INTM567000 - Thin capitalisation: FA2004 legislation - conduit finance

Many groups include companies, sometimes called treasury companies, whose purpose is to borrow in order to lend the funds to the wider group. These companies typically have very little equity funding, and their borrowing will usually be supported by a guarantee provided by another group company, often a holding company. Thin cap aspects of “treasury” companies are considered in more detail from INTM570000 onwards.

We might expect to see a margin between interest received and interest paid as a reward for the conduit company’s role in procuring finance for the group, depending on the nature and extent of its activities.

The guarantee often replaces equity for the purpose of giving security to the conduit’s lenders, and so the conduit may be thinly capitalised.
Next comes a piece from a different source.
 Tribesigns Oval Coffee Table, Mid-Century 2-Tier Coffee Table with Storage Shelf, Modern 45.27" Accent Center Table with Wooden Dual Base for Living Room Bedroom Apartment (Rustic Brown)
However, secure on-lending can substantially reduce the risk retained in the conduit and therefore correspondingly reduce the need for equity, especially if the conduit’s on-lending is secured against the assets of its borrowers.
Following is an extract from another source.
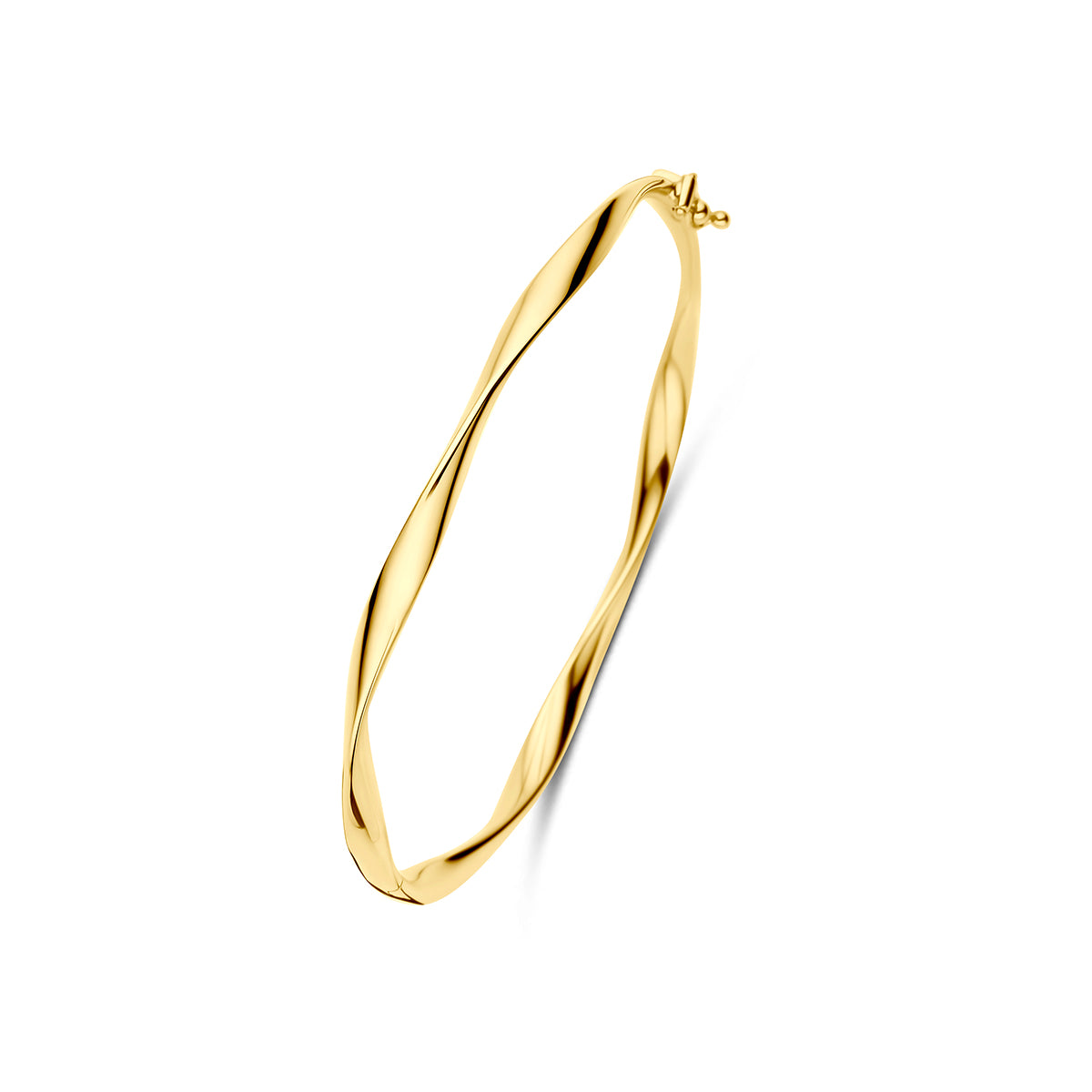 Bracciale rigido in oro giallo 9k, con design a tubo intrecciato, misura 4 x 62 mm.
The overall profit attributed to a conduit company should be proportionate to the activity it undertakes and the risks it retains. This principle should be borne in mind in applying the thin capitalisation and transfer pricing legislation, so as to avoid either insufficient or excessive profit being realised in the conduit.

As noted above, secure on-lending can reduce the conduit’s retained risk, and this is especially true if the conduit takes a charge on the on-loan. The charge allows the conduit to take possession of the assets of the ultimate borrower in order to enforce its rights under the loan contract. Although the charged assets are those of the borrower, the charge does not constitute a guarantee within the meaning of paragraph 1A(7) because it is no more than a means of enforcing rights that already exist under the loan contract.
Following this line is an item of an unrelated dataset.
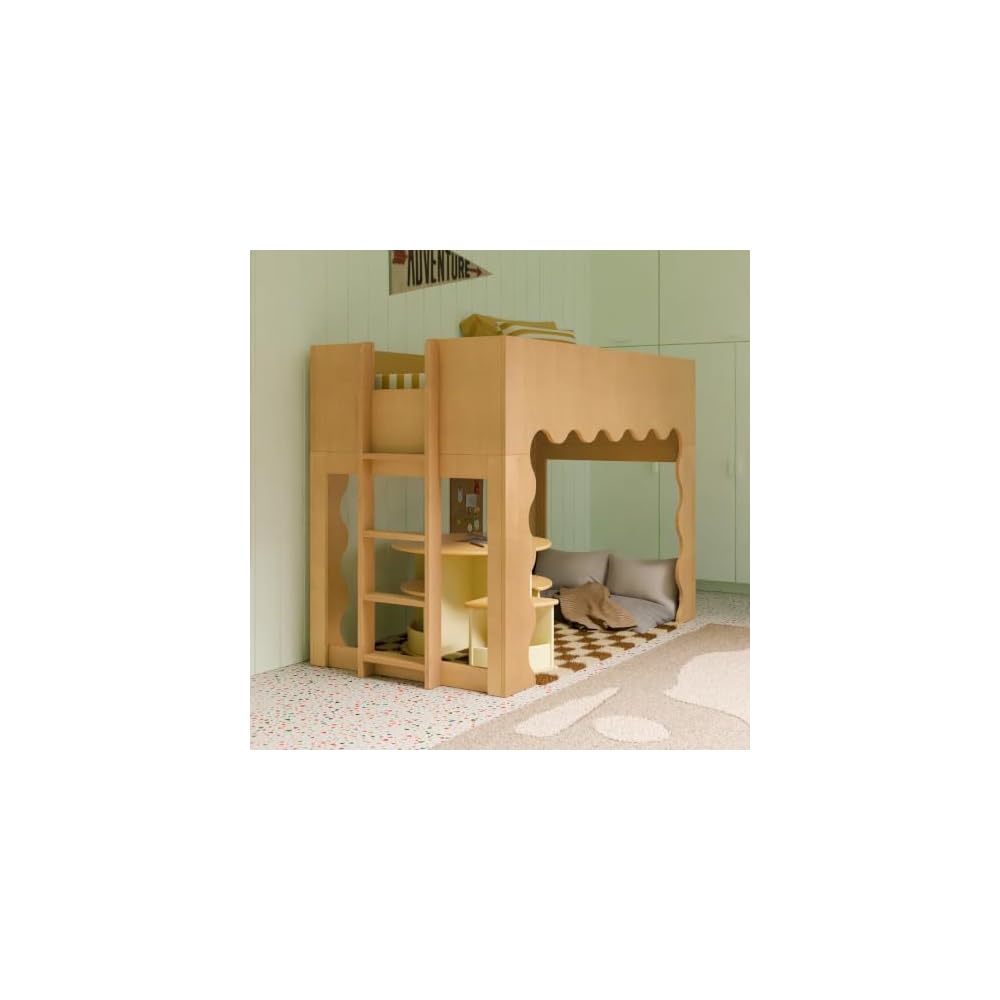 babyletto Kids Lido Wave Convertible Low Loft Twin Bed in Honey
In some cases, the conduit may pass on the right to enforce the charge to its lender. This often happens in the case of securitisations. This arrangement allows the lender (or the lenders’ trustee in a securitisation) to take enforcement action against the ultimate borrower if it defaults on its loan to the conduit, in order to allow the conduit to meet its obligations to the lender. Provided the arrangement does not grant new rights of recovery to the lender (beyond the right to enforce the conduit’s rights under its loan agreement), this also does not constitute a guarantee.